There are few guarantees in the IT world, but solving the toughest application performance problems in your Windows environment, while saving a bundle of cash, can be guaranteed. Let’s review how.
The Data Center View
Using some simple “whiteboard” graphics, let’s start with the Data Center view. In every Data Center, you have the same basic hardware layers. You have your compute layer, your network layer, and your storage layer. The point of having this hardware infrastructure is not just to house your data, but it’s to create a magical performance threshold to run your applications smoothly so your business can run smoothly.
As long as your hardware doesn’t crash, and you don’t lose any data, and as long as all your applications fit nicely and neatly inside your performance boundary, well then, life is good!
The Troublesome Applications
But, in every organization, there are always, and we mean always, one or two applications that are the most harrowing in the business, that are pushing the performance boundaries and thresholds that your architecture can deliver, that simply need more performance.
We often see this as applications running on SQL or Oracle, it could be Exchange or SharePoint. We see a lot of file servers, web servers, image applications, and backups. It could be one of the acronyms: VDI, BI, CRM, ERP, you name it.
As soon as you have an application that is testing the I/O ceilings in your environment under peak load, what happens?
- applications get sluggish
- users start complaining
- back-office batch jobs start taking far too long
- backups start failing to complete in their window
- users running certain reports get frustrated
Now you’re getting all this pressure from outside of IT to jump in and solve this problem, and NOW.

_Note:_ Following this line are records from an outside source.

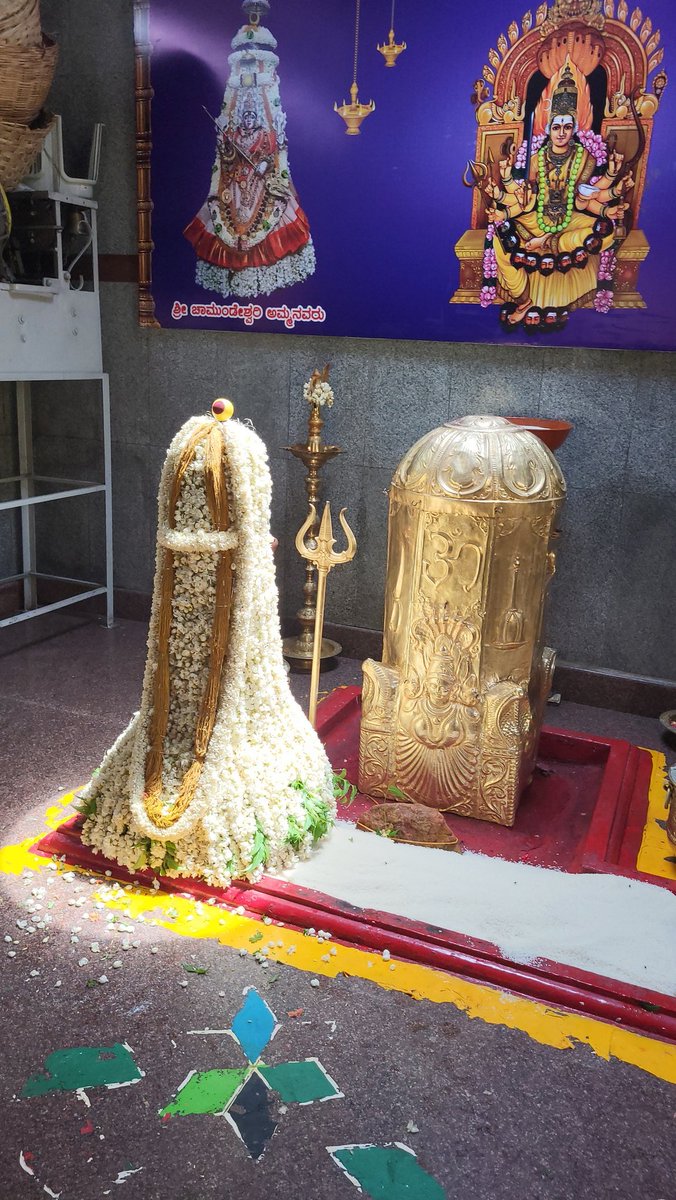 ಮೈಸೂರು ಕರಗ ಮಹೋತ್ಸವದ ಚಿತ್ರಗಳು ಕಣ್ತುಂಬಿಕೊಳ್ಳಿ - PC @chamundi_betta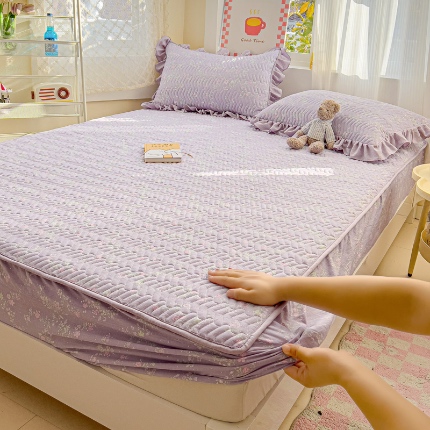 91家纺网 家纺一手货源 找家纺 （总）纽缦家纺 2025新款云朵提花双层纱夹棉绗缝床笠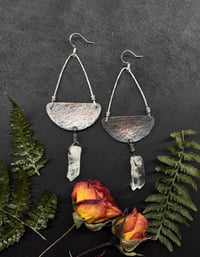 Mixed Metal & Polished Quartz Earings 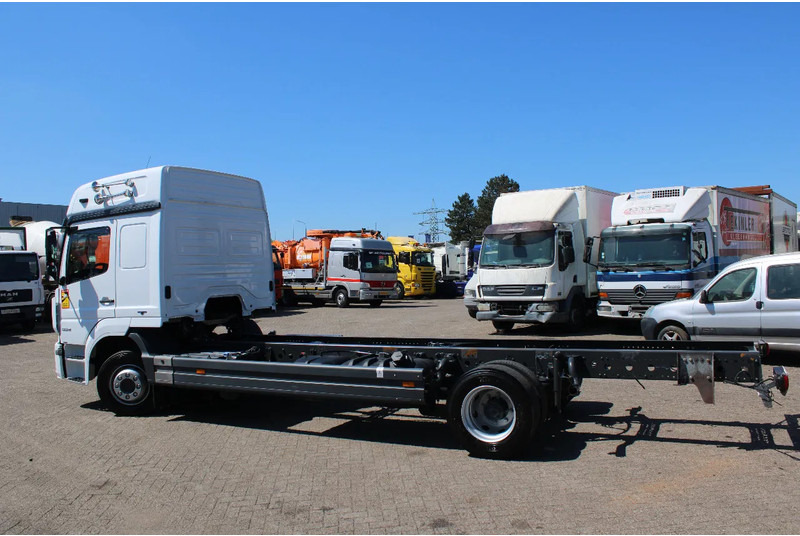 Mercedes-Benz Atego 1224 + euro 6 + 6 CYLINDER - Fahrgestell LKW: das Bild 5 Mercedes-Benz Atego 1224 + euro 6 + 6 CYLINDER - Fahrgestell LKW: das Bild 5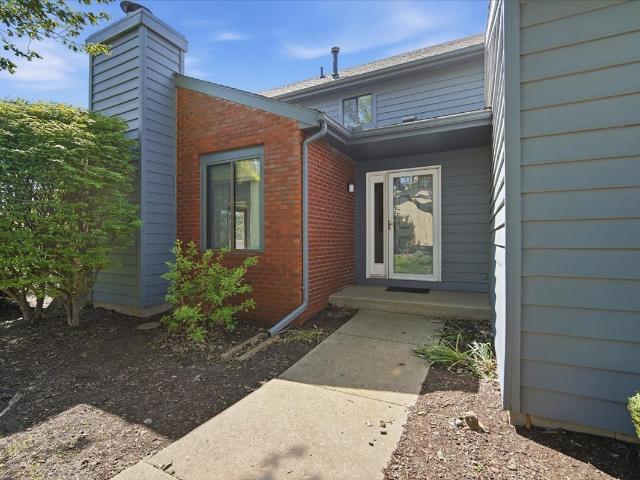 2 Sun Pointe Court # 2A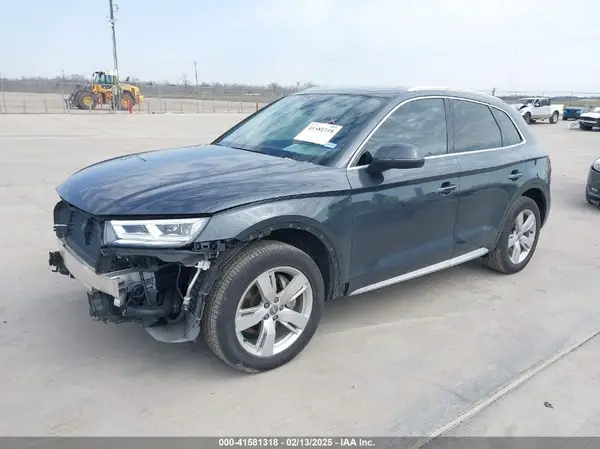 WA1BNAFY0K2135770 2019 AUDI Q5 - Image 2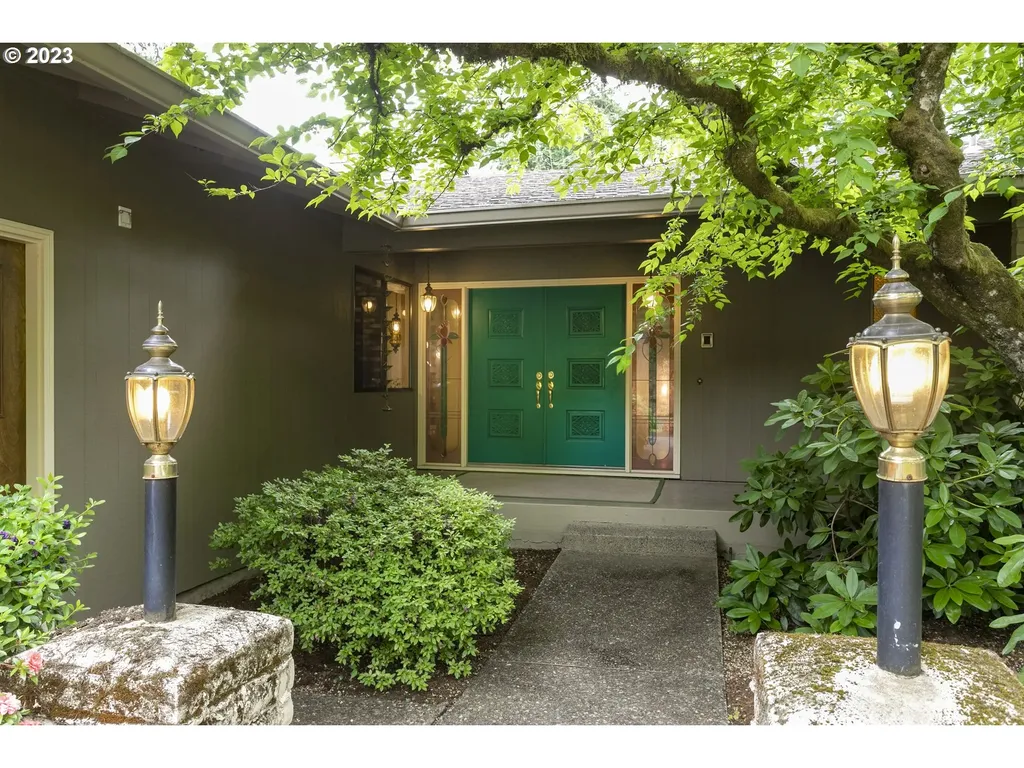 1535 Sw Parkwood Drive Portland OR 97225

Throwing Hardware ($$$) at the Problem
Typically, what do most IT professionals at least think that they must do to boost application performance? They think they must throw more hardware at the problem to fix it. This means adding in more servers and more storage, expensive storage. Probably an All-flash array to support a particular application, or maybe a Hybrid to support another application. And ultimately this ends up being a very, very expensive, not to mention disruptive, way to solve performance problems.
Spending Less (Much less) To Solve Application Performance Problems
What if you could install some software that would magically eliminate the toughest performance problems on your existing hardware infrastructure?
We have thousands of organizations using this software-only solution, some of them the largest organizations in the world, and most of the time they’re seeing at least a 50% performance boost in application performance, but many of them see far more than that.
Our website is littered with case studies citing at least a doubling in performance. It’s the reason why Gartner named us the Cool Vendor of the year when we brought this technology to the market.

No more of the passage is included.